> [What the task requires]: Each entry below must be repeated exactly, with pictures left out.

Caption-style text data:
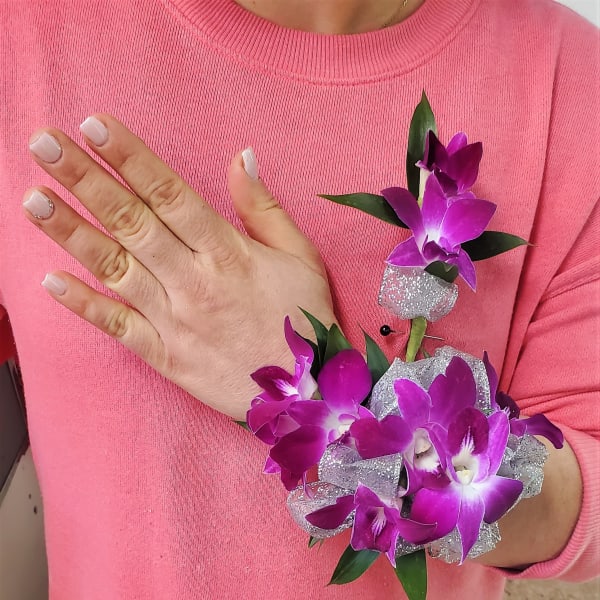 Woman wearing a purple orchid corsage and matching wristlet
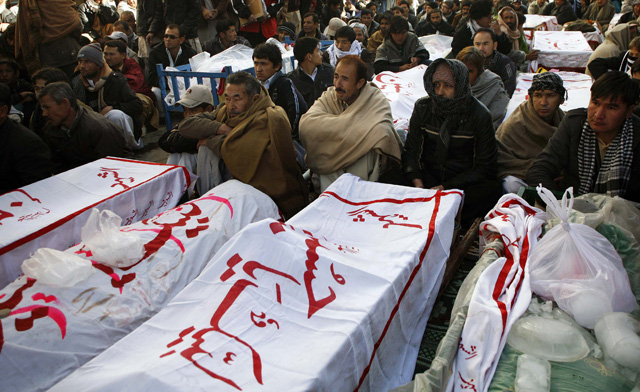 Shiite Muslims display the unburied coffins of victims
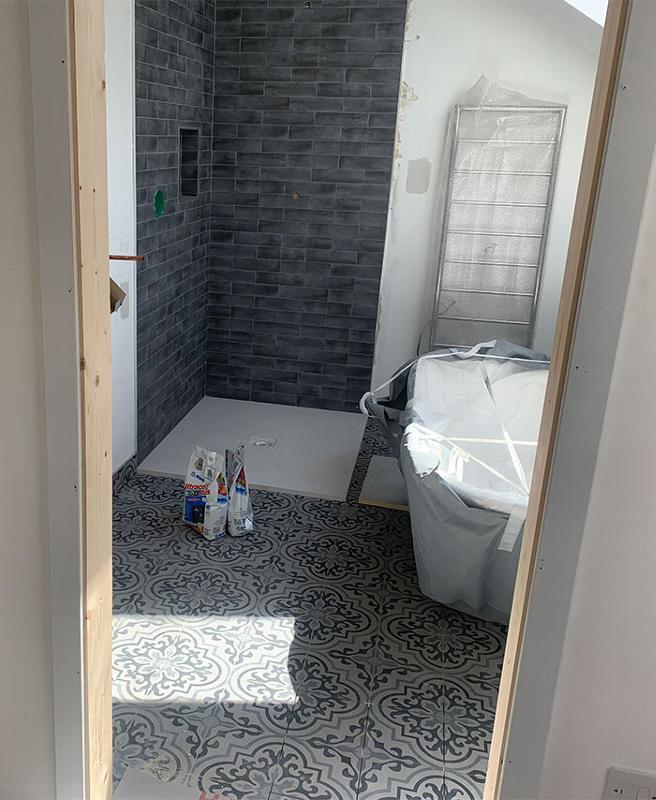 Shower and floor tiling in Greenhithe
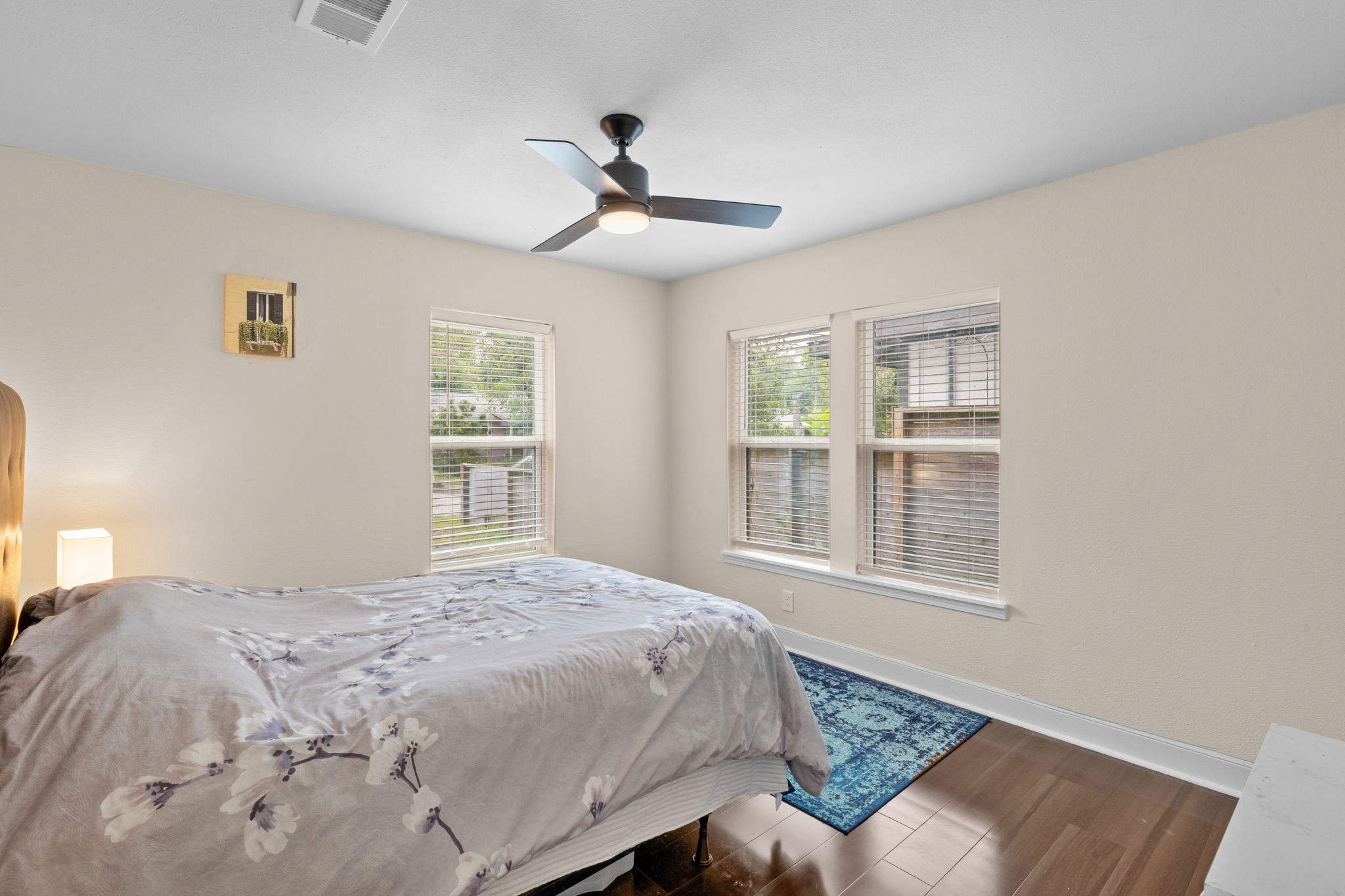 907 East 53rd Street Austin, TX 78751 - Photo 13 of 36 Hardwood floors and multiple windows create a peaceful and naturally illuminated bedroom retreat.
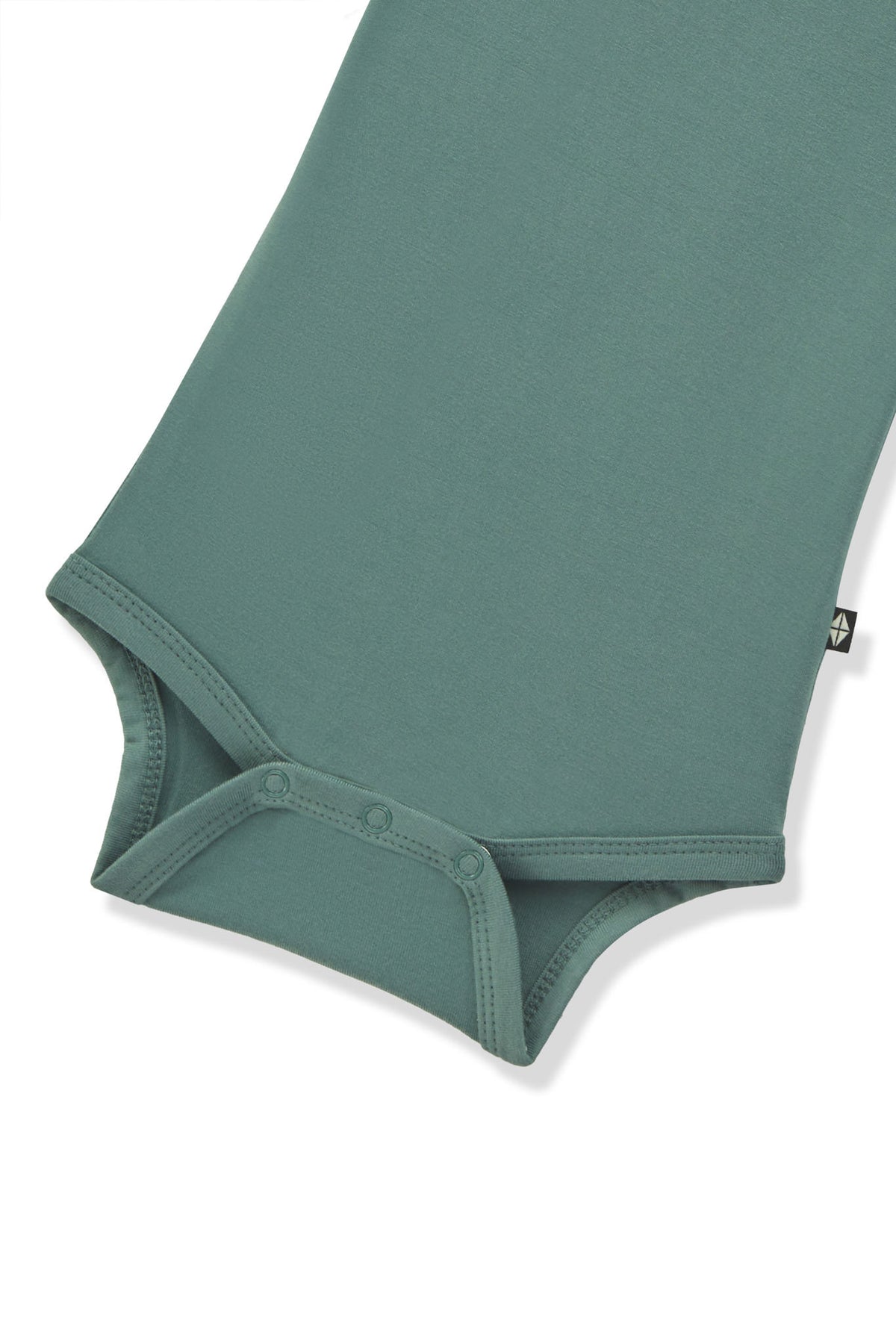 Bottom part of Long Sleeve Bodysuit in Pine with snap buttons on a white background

> [Response area]:
 Woman wearing a purple orchid corsage and matching wristlet
 Shiite Muslims display the unburied coffins of victims
 Shower and floor tiling in Greenhithe
 907 East 53rd Street Austin, TX 78751 - Photo 13 of 36 Hardwood floors and multiple windows create a peaceful and naturally illuminated bedroom retreat.
 Bottom part of Long Sleeve Bodysuit in Pine with snap buttons on a white background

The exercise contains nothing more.